For interphase fluorescence in situ hybridization analysis, a Spectrum Green-labeled chromosome 11 α-satellite probe (Vysis, Downers Grove, IL) was used according to the manufacturer's protocol. Slides were washed and counterstained with propidium iodide. Six hundred nuclei were evaluated for each cell population studied.
Statistical Methods.
Student's two-tailed t test for independent samples and the χ2 test were used. Mean percentage and standard error of at least three independent experiments and at least 100 cells evaluated per experiment are given unless indicated otherwise.
Results
Centrosome-Associated Defects of Mitotic Spindle Pole Formation in Cervical Lesions.
To investigate whether abnormal mitoses in HPV-associated genital squamous lesions may be associated with centrosome abnormalities, we analyzed tissue specimens obtained from patients with HPV-associated squamous intraepithelial lesions of the cervix, and a specimen from a vulvar squamous cell carcinoma by immunofluorescence staining, using the pericentriolar marker pericentrin (25). The number of mitotic spindle poles of mitotic cells was evaluated. In both preinvasive and invasive genital squamous lesions, mitoses with abnormal centrosomes were detected (Fig. 1A). The most prevalent alteration was a tripolar spindle pole arrangement. Additional abnormalities were individual spindle poles that contained more than one centrosome. Similarly, the HPV-16-positive cervical cancer cell lines SiHa and Caski also showed centrosome abnormalities (data not shown).
Normal Human Keratinocytes Expressing HPV-16 E6 and E7 Oncoproteins Display Centrosome Abnormalities.
Next we determined whether NHK populations that express the high-risk HPV-16 E6 and E7 oncoproteins (Fig. 1B) show abnormal centrosome numbers. Centrosome numbers were evaluated in NHKs expressing the HPV-16 E6 or E7 oncoproteins either individually or in combination and compared with matched control keratinocytes, using the pericentriolar marker γ-tubulin (26). In these experiments, only interphase cells were evaluated. Centrosome numbers were considered abnormal when more than two centrosomes per cell (Fig. 1C) were present. The proportion of control NHKs that contained abnormal centrosome numbers was 2.5% (Fig. 1D). In NHK populations expressing the HPV-16 E6 or E7 oncogene individually, the proportion of cells showing abnormal centrosome numbers was increased to 8.3% (3.3-fold) and 8.8% (3.5-fold), respectively. This number was even higher in NHK populations expressing both E6 and E7, where 12.0% of the cells displayed abnormal centrosome numbers (4.8-fold increase; Fig. 1D). Abnormal centrosomes were frequently clustered in a juxtanuclear position (Fig. 1C). Many cells with abnormal centrosome numbers also showed an increased nuclear size or were bi- or multinucleated (Fig. 1C).

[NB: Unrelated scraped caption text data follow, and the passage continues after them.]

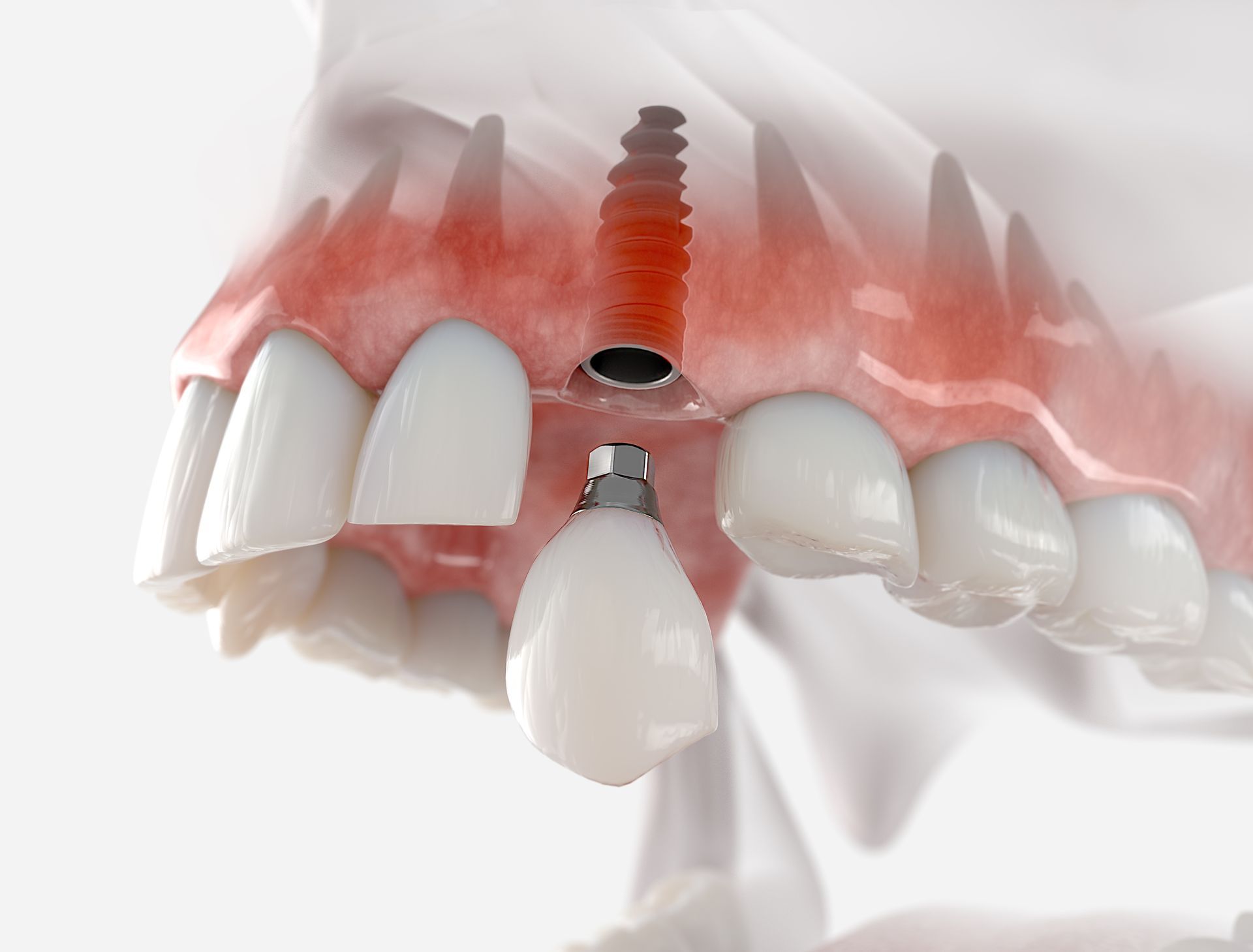 A model of a dental implant in a person 's mouth.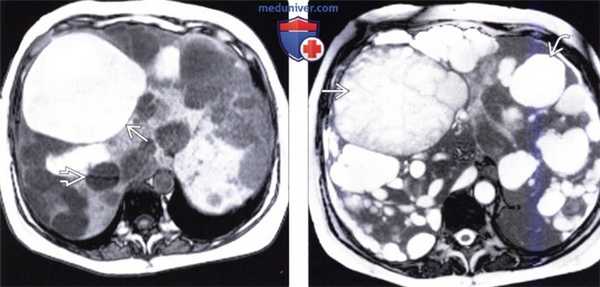 КТ, МРТ, УЗИ при аутосомно-доминантном поликистозе печени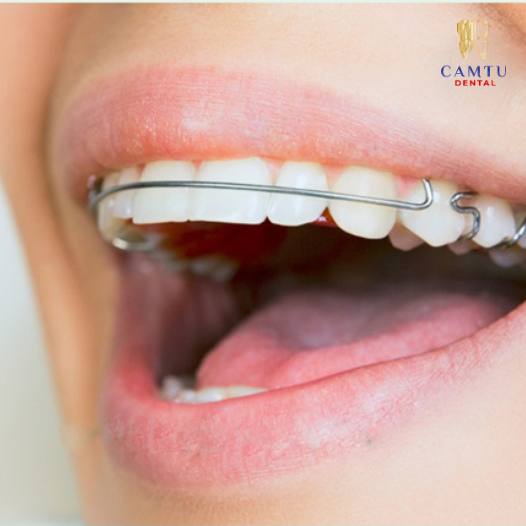 Hàm duy trì sau niềng là gì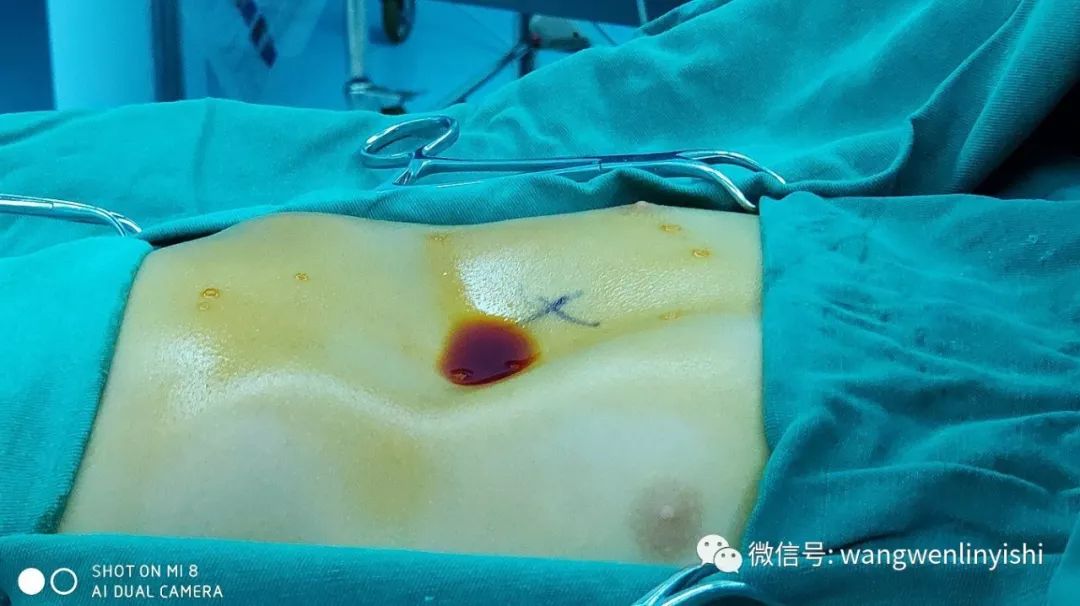 肋弓局部缺失合并漏斗胸的wang手术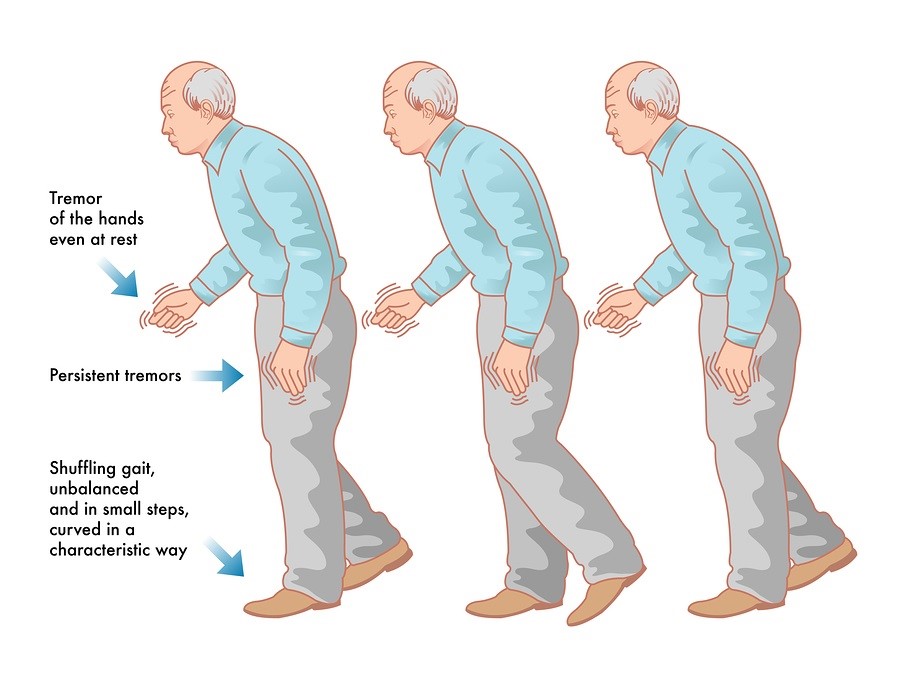 bệnh parkinson 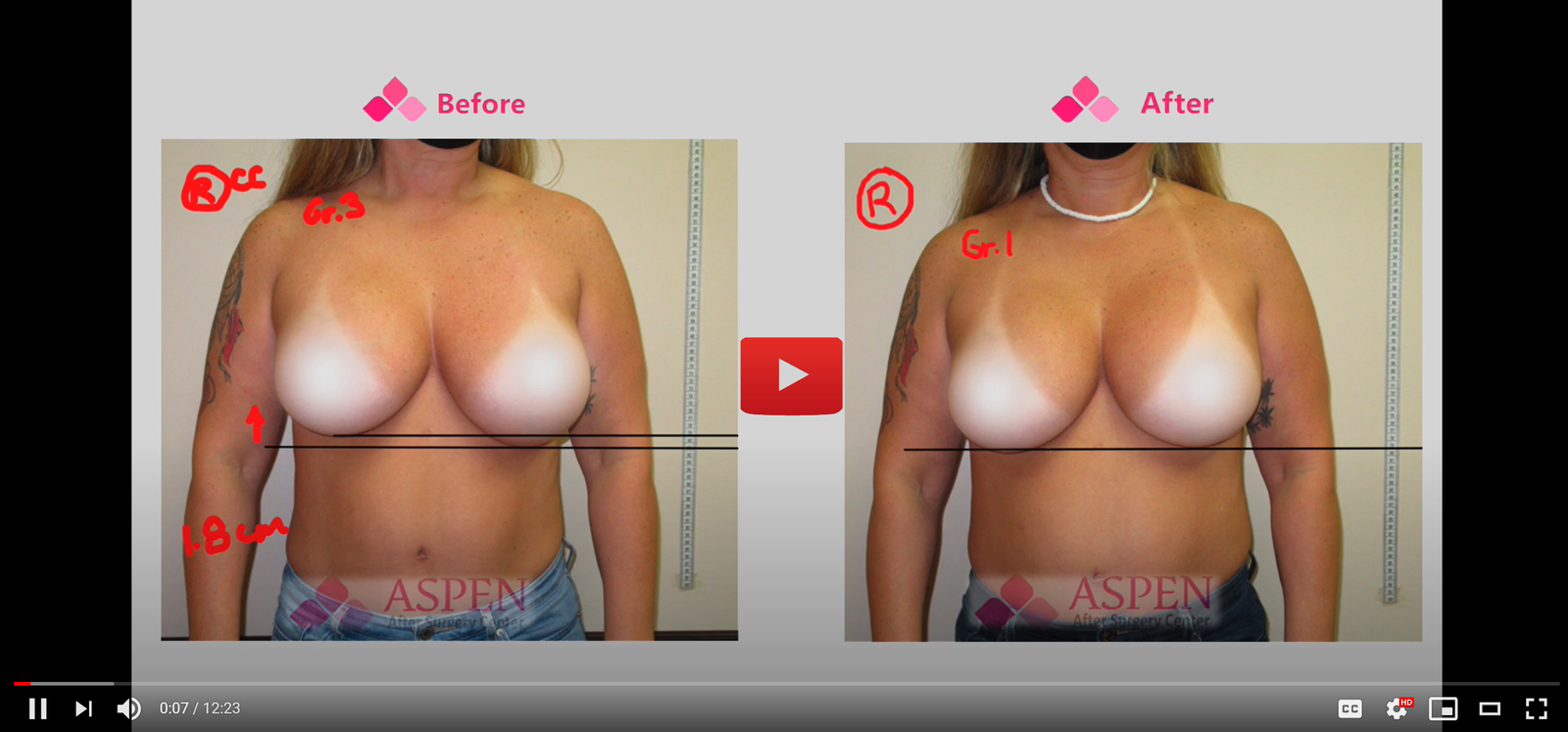 CAPSULAR CONTRACTURE OF THE BREAST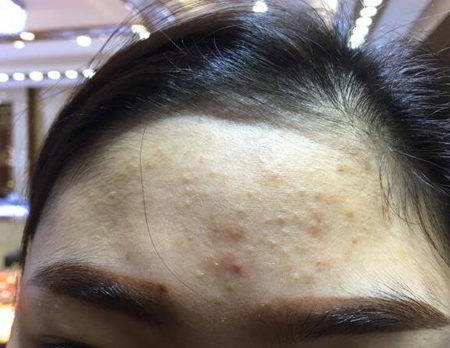 2)会导致营养堆积引发闭口痘痘和粉刺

In contrast, in low-risk HPV-6 E6- or E7-expressing NHKs, the proportion of cells with centrosome abnormalities was similar to that of control cells (2.6% and 3.3%, respectively; Fig. 1D).
Rapid Induction of Abnormal Centrosome Numbers by Expression of HPV-16 E7 but Not the HPV-16 E6 Oncoprotein.
To determine whether abnormal centrosome duplication is an immediate effect of viral oncogene expression, we transiently transfected NHKs with HPV-16 E6 or E7 and analyzed the number of centrosomes in interphase cells at 48 h after transfection (Fig. 2A).
In these experiments, 5.6% of NHKs transfected with the parental plasmid used as control and the GFP marker showed abnormal centrosome numbers (Fig. 2B). Acute expression of E6 did not increase the proportion of cells with abnormal centrosome numbers (3.7%), whereas expression of E7 increased the proportion of cells with abnormal centrosome numbers by 2.9-fold to 16.5% (Fig. 2B). Similar results were obtained upon transient transfection of the human osteosarcoma cell line U2OS. Expression of E7 resulted in a 3.9-fold increase (from 3.8% to 14.8%) in cells with centrosome abnormalities, in contrast to E6, which had no significant effect (4.6%) (Fig. 2B). Expression of functional E6 upon transient transfection was documented by decreased steady-state levels of p53 (Fig. 2C). Because both transfected and untransfected cells were analyzed, the differences in the decreases in p53 between U2OS and NHKs likely reflects the differences in transfection efficiencies between the two cell types.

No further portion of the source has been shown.